For a health check to run, the operational status of a link must be Up. If the operational status is Down, you won't be able to run a heath check and may need to troubleshoot the issue on the event broker service. For more information, see:

The health check uses an advanced pinger to check the connectivity between event broker services. A health check validates the following in an event mesh using one secure SMF connection on each event broker service:

  • Link status—Each direction for a link between two event broker services is pinged. This validates connectivity and the time of the ping is recorded. This process checks all links by sending a ping from each event broker service (or event broker) to the other event broker services in the event mesh.
  • Event status—The health check uses a reserved #insights/pinger/ping topic to check topic propagation using the request-reply pattern to ensure that topics can be subscribed and published to. The health check creates a temporary mesh-validation-<session-id> username, where <session-id> is a string value representing the health check session. The health check deletes the client username after the check completes.

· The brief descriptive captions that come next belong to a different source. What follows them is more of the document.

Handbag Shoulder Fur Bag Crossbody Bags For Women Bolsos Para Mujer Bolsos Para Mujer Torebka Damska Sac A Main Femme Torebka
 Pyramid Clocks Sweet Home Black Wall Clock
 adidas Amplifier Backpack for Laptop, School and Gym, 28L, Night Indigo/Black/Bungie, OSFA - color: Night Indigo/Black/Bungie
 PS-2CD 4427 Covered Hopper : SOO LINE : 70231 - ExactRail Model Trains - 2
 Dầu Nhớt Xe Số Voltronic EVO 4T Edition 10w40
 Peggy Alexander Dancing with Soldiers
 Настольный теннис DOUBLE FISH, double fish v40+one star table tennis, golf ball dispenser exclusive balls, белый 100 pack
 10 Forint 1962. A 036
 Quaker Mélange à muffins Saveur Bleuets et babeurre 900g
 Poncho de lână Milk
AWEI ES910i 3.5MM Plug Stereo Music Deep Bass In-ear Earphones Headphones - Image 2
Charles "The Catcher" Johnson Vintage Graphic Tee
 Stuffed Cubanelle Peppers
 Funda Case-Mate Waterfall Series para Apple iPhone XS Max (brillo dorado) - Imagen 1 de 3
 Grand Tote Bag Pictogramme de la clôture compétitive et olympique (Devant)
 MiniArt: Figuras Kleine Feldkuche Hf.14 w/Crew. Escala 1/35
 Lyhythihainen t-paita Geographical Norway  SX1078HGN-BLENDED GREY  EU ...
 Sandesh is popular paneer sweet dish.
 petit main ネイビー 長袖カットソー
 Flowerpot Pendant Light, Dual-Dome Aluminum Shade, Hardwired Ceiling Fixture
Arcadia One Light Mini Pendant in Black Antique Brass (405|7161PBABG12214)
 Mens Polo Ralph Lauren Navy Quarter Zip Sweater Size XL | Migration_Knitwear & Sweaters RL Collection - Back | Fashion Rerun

Solace recommends running a health check if you make manual changes to an event broker service or are experiencing issues with your event mesh.

For more information, see:

Running Health Checks

To run a health check in Mesh Manager, perform these steps:

  1. Log in to the PubSub+ Cloud Console if you have not done so yet. The URL to access the Cloud Console differs based on your authentication scheme. For more information, see Logging In to the PubSub+ Cloud Console.

  2. On the navigation bar, select Mesh Manager .

  3. On the Mesh Manager: Event Meshes page, click the tile for an event mesh you want to run a Health Check on.

  4. Expand Latest Health Check on the Event Mesh Details panel, and then click Run Health Check.

    The Mesh Map opens.

  5. Expand Latest Health Check on the Event Mesh Details panel, then click Run Health Check.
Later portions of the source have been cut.